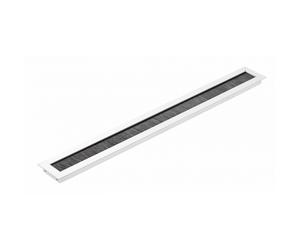 Square aluminium desk cable grommet Aluminium Black 180 450 mm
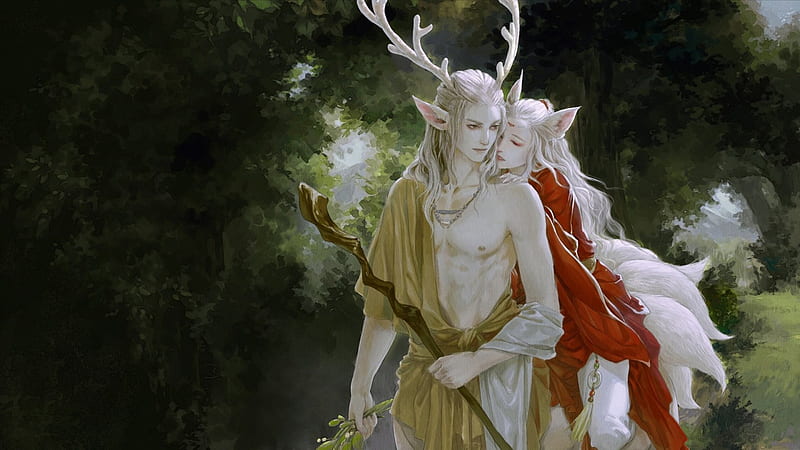 Fantasy couple, red, forest, art, nine tails, ears, yellow, nymph, woman, horns, fantasy, girl, fox, creatures, dtjun, couple, ahri, HD wallpaper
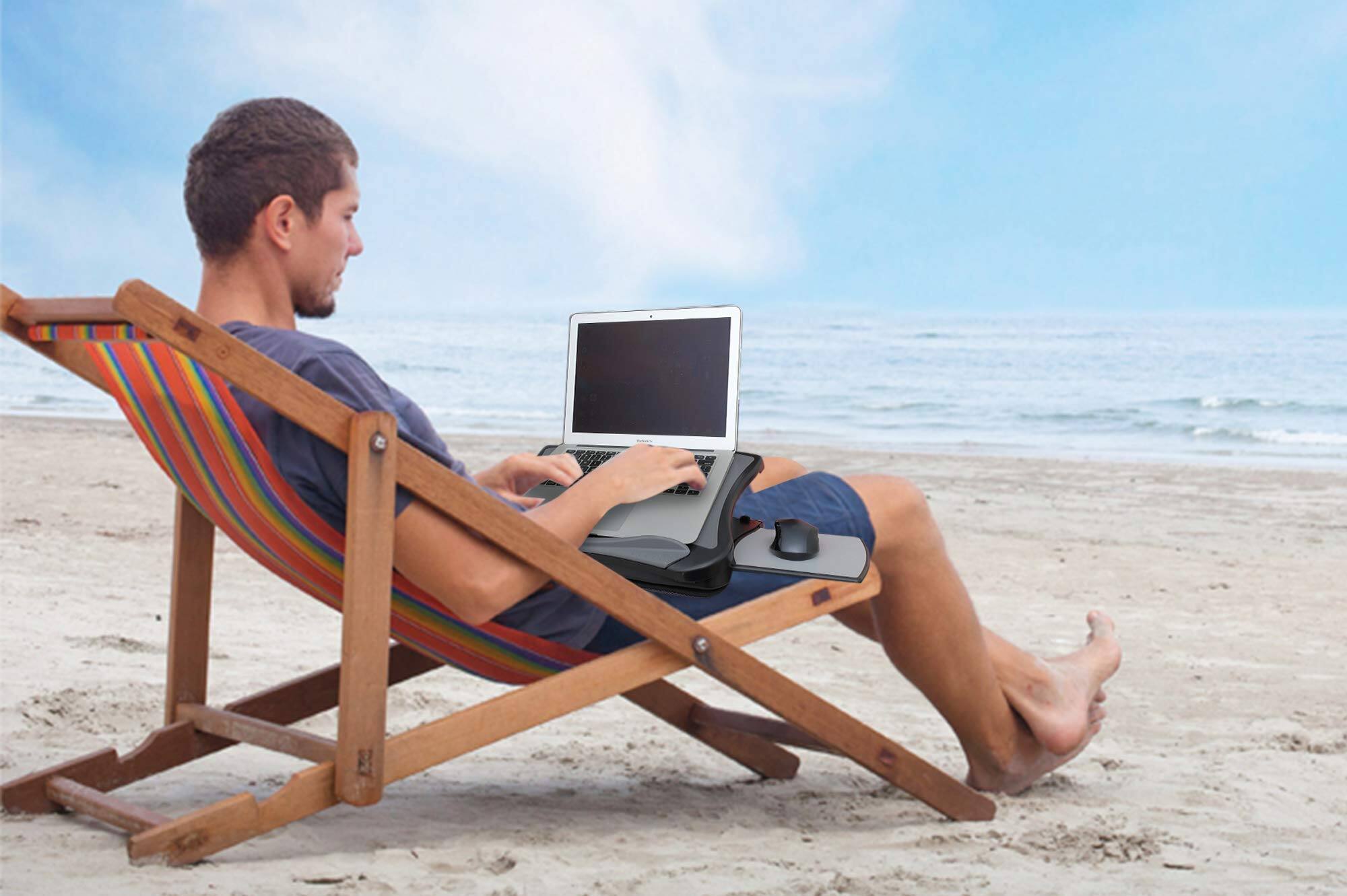 Alt View 3. HongFei - Laptop Lap Pad Stand with Attached Mouse Pad, Cushion and USB Cooling Fan, Non-Slip Heat Shield for Home, Office, Bed - Lap Laptop Stand.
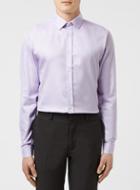 Topman Mens Purple Lilac Diagonal Twill Long Sleeve Dress Shirt
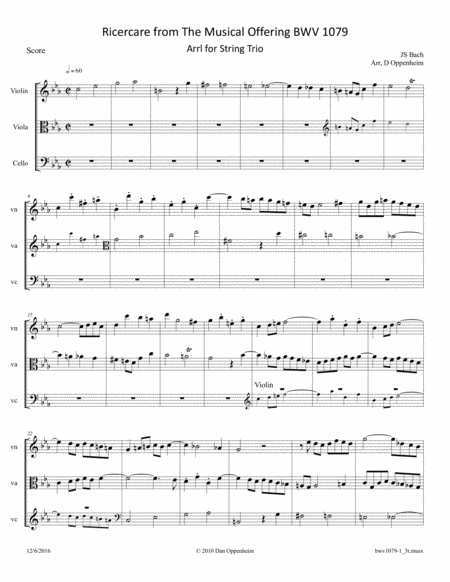 Free Sheet Music Bach The Musical Offering Bwv 1079 No 1 Ricercare A 3 Arr For String Trio Violin Viola And Cello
------------------------------------------------
> Directions for this task
Output the lines above in full and exactly. Leave out every picture.

> Answer for the task
 Square aluminium desk cable grommet Aluminium Black 180 450 mm
 Fantasy couple, red, forest, art, nine tails, ears, yellow, nymph, woman, horns, fantasy, girl, fox, creatures, dtjun, couple, ahri, HD wallpaper
 Alt View 3. HongFei - Laptop Lap Pad Stand with Attached Mouse Pad, Cushion and USB Cooling Fan, Non-Slip Heat Shield for Home, Office, Bed - Lap Laptop Stand.
 Topman Mens Purple Lilac Diagonal Twill Long Sleeve Dress Shirt
 Free Sheet Music Bach The Musical Offering Bwv 1079 No 1 Ricercare A 3 Arr For String Trio Violin Viola And Cello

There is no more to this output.